─── Available data ───

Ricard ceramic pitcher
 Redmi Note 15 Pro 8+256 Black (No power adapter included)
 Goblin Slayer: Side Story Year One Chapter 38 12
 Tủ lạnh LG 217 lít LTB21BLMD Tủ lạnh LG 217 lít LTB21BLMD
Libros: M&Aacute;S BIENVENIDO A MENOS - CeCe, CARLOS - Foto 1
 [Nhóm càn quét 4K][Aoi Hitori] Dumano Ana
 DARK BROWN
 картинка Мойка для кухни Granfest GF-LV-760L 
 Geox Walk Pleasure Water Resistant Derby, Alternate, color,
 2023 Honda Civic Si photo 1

───

**About this exercise:**
Repeat nothing before the line containing "Libros: M&Aacute;S BIENVENIDO"; repeat that line and every later line of the listing exactly.

**Worked solution:**
Libros: M&Aacute;S BIENVENIDO A MENOS - CeCe, CARLOS - Foto 1
 [Nhóm càn quét 4K][Aoi Hitori] Dumano Ana
 DARK BROWN
 картинка Мойка для кухни Granfest GF-LV-760L 
 Geox Walk Pleasure Water Resistant Derby, Alternate, color,
 2023 Honda Civic Si photo 1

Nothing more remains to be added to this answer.